An amicus brief from the Federation for American Immigration Reform is urging the court to study the Citizenship Clause in the 14th Amendment and the issue of a foreigner’s legal status. Trump has argued the Citizenship Clause makes it clear the parents of children born on U.S. soil must be subject to the jurisdiction of the United States government.
Two lower courts have ruled against him, setting up a possible landmark ruling next summer.
FAIR was joined by the Landmark Legal Foundation in the brief.
Ira Mehlman, media director at FAIR, tells AFN the citizenship clause and its reference to U.S. jurisdiction is a key portion of the famous amendment, adopted in 1868, that addressed the citizenship of freed slaves after the Civil War.
“’Subject to the jurisdiction’ is an important point there,” Mehlman argues. “If they had just meant that anybody born on U.S. soil was automatically a U.S. citizen, they wouldn't have put that clause in there.”
Mehlman gives the example of foreigners who obey U.S. traffic laws, such as stopping at a red light, but the more important issue is if they have an allegiance to the United States or to the foreign country they came from.
The legal issue is further complicated by a second 19th century ruling. Back in 1898, the high court ruled on behalf of a Chinese-American, Wong Kim Ark, who was born to Chinese parents in California.
According to FAIR’s court brief, the Ark ruling helps Trump’s legal argument.
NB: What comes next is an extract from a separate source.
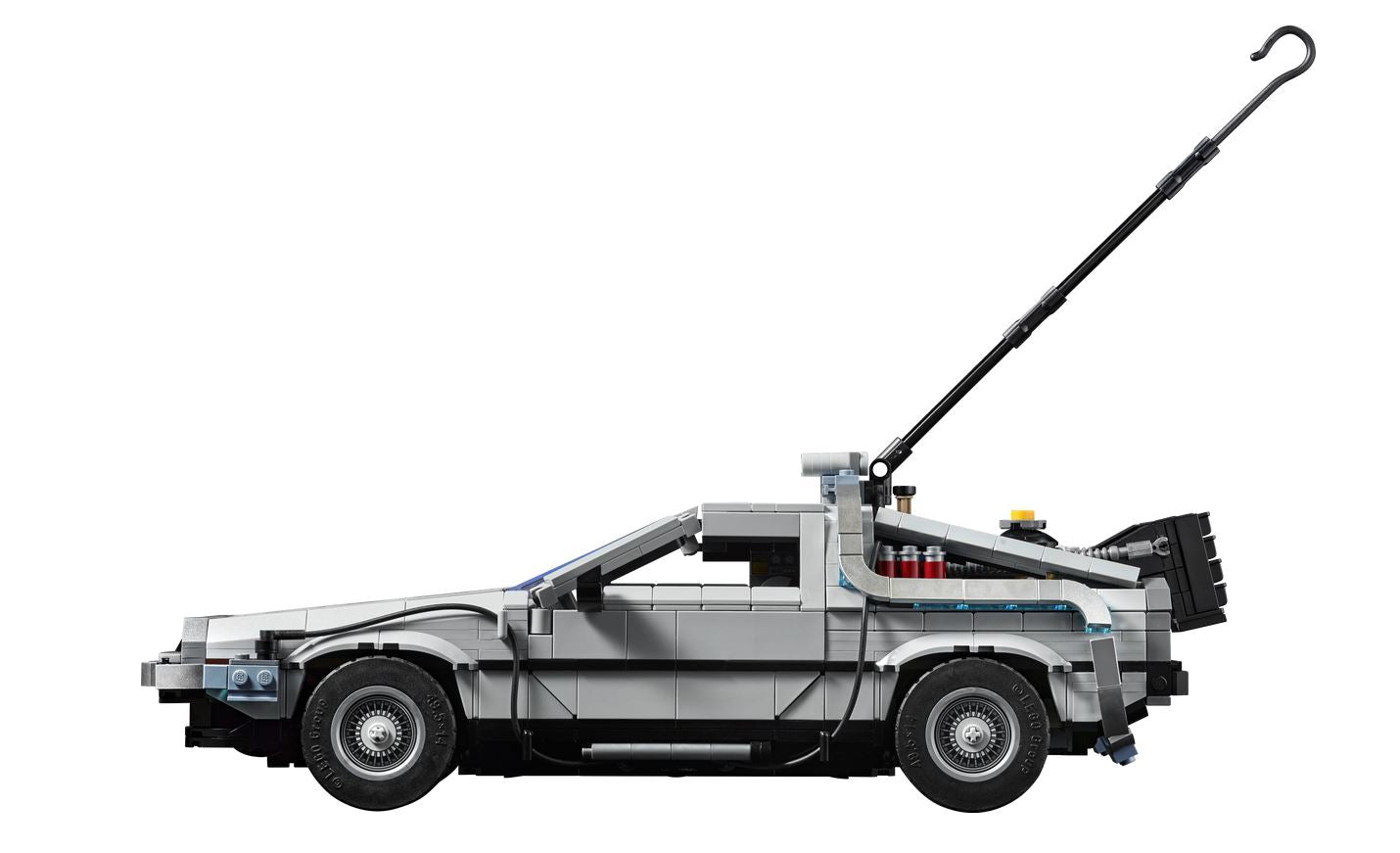 LEGO ICONS - LA DELOREAN, LA MACHINE À VOYAGER DANS LE TEMPS DE RETOUR VERS LE FUTUR #10300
That ruling held that a person born on U.S. soil must be born to parents who have legal permission to live here, FAIR argues in its brief.
"We have seen, over the past several decades, huge numbers of people coming into the country illegally," Mehlman points out. "They're having children who were born here, even birth tourists who are coming here to have children in the United States. Clearly, this was an abuse."